What Carryover Cooking Is
When meat cooks, the outer layers get much hotter than the centre. The moment you take it off the heat, that stored heat doesn't just vanish. It keeps moving inward, from the hot exterior toward the cooler core, until the temperatures even out. So the internal temperature at the centre keeps rising for a while after the meat has left the oven or pan.
That rise is carryover cooking. Depending on the size of the cut and how hot you cooked it, the centre can climb by a few degrees on a thin steak, or quite a bit more on a large roast.
Why Size and Heat Matter
- Bigger cuts carry over more. A large roast stores a lot of heat in its mass, so it keeps driving inward longer and the centre climbs further. A thin steak has little stored heat and barely moves.

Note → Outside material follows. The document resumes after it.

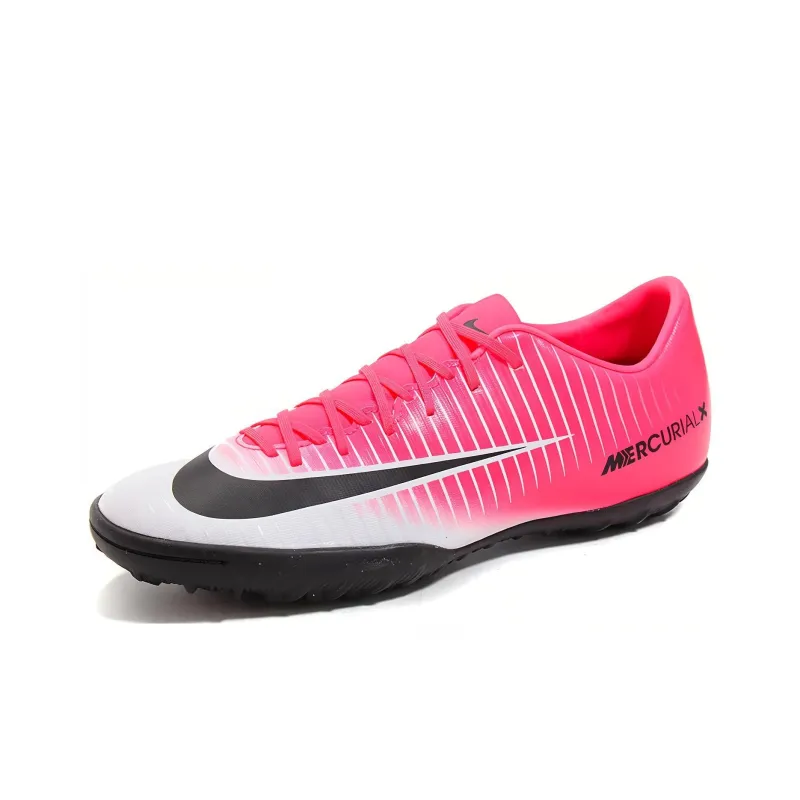 Nike Mercurial Victory VI TF 'Race Pink'-2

- Hotter cooking carries over more. A roast blasted at high heat has a steeper temperature gradient from edge to centre, so there's more heat waiting to move inward than one cooked low and slow.
Rough Guide to the Pull
These are general starting points; your own oven, cut and thermometer will refine them:
| Cut | Pull before target by roughly |
|---|---|
| Thin steak / chop | A degree or two |
| Thick steak | A few degrees |
| Roast cooked low & slow | A few degrees |
| Roast cooked hot | More — watch it closely |
The best way to learn your own numbers is to leave a probe in during the rest and watch how far the temperature climbs. After a couple of cooks you'll know your kitchen's behaviour.
The Bottom Line
Meat keeps cooking after it leaves the heat. Pull it early in proportion to its size and how hot you cooked it, rest it, and let physics finish the job. Master this and "overcooked by accident" disappears from your vocabulary.